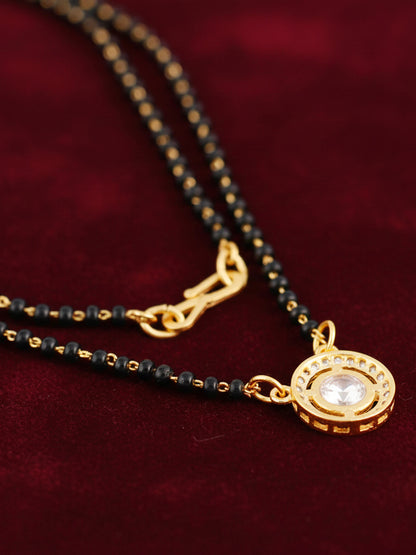 18k Gold-Plated AD Stone Mangalsutra with Black Beads for Women
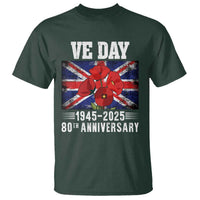 VE Day 80th Anniversary T Shirt 2025 Celebration Union Flag Poppies WWII Remembrance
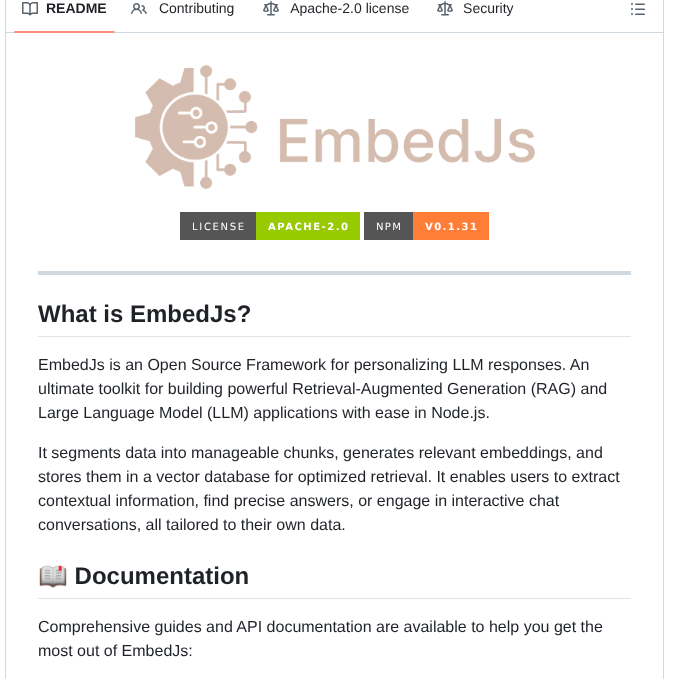Llm Tools Embedjs screenshot
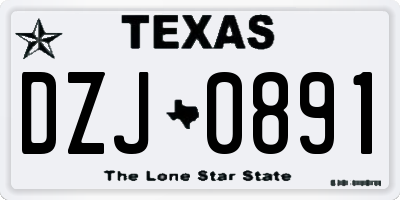 TX license plate DZJ0891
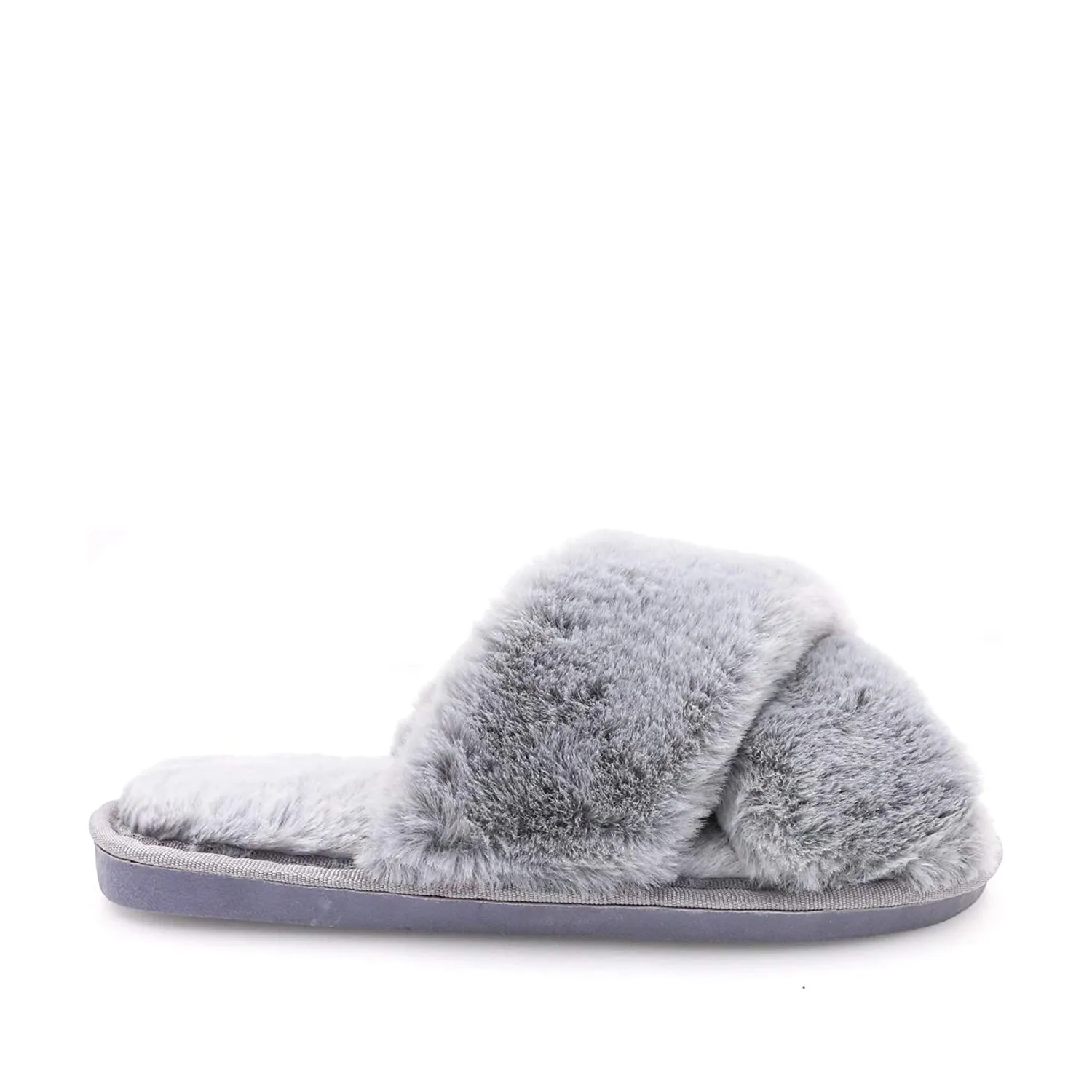 FLOOF Women's Cozy Cross Faux Fur Slippers in Grey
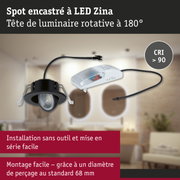Spot encastré LED Zina noir avec tête rotative à 180° et câble de connexion pour éclairage intérieur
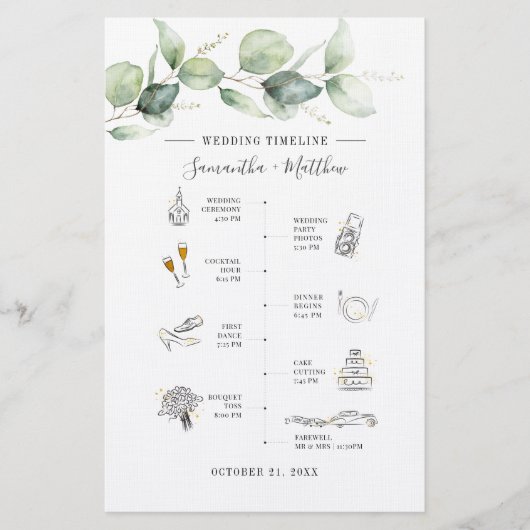 Eucalyptus Botanical Weduwprogramma Briefpapier (Voorkant)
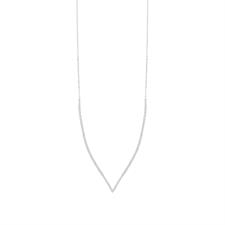 COLLANA SNODATA A PUNTA CON ZIRCONI BIANCHI IN ARGENTO 925°/°°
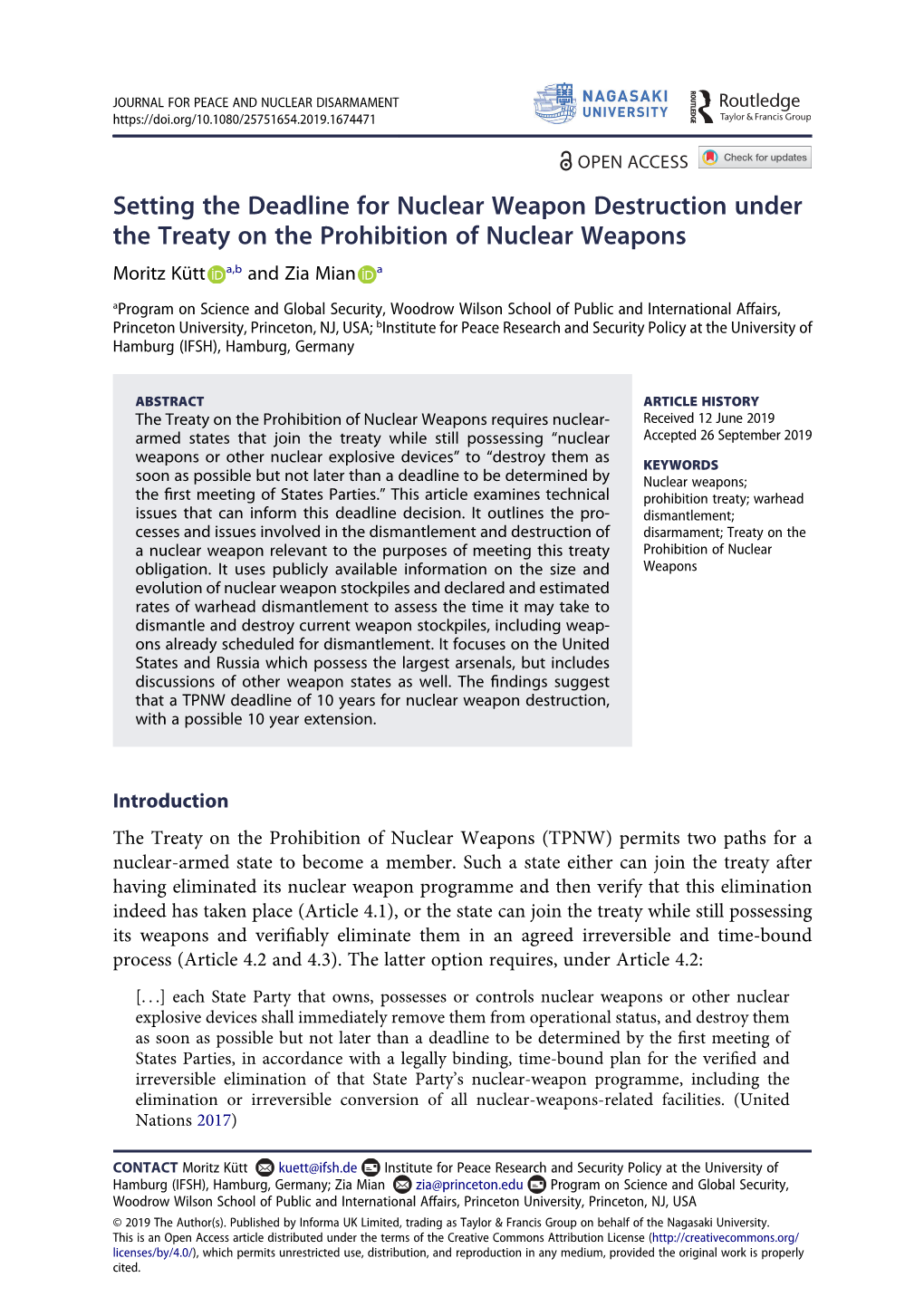 Setting the Deadline for Nuclear Weapon Destruction Under The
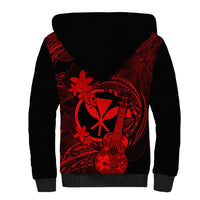 Hawaii Sherpa Hoodie Ukulele Mix Polynesian Plumeria Red Version LT14 - Polynesian Pride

+===+

THE PROBLEM —
Would you restate the listing word for word without its pictures?

ANSWER SPACE —
 18k Gold-Plated AD Stone Mangalsutra with Black Beads for Women
 VE Day 80th Anniversary T Shirt 2025 Celebration Union Flag Poppies WWII Remembrance
Llm Tools Embedjs screenshot
 TX license plate DZJ0891
 FLOOF Women's Cozy Cross Faux Fur Slippers in Grey
Spot encastré LED Zina noir avec tête rotative à 180° et câble de connexion pour éclairage intérieur
 Eucalyptus Botanical Weduwprogramma Briefpapier (Voorkant)
 COLLANA SNODATA A PUNTA CON ZIRCONI BIANCHI IN ARGENTO 925°/°°
 Setting the Deadline for Nuclear Weapon Destruction Under The
 Hawaii Sherpa Hoodie Ukulele Mix Polynesian Plumeria Red Version LT14 - Polynesian Pride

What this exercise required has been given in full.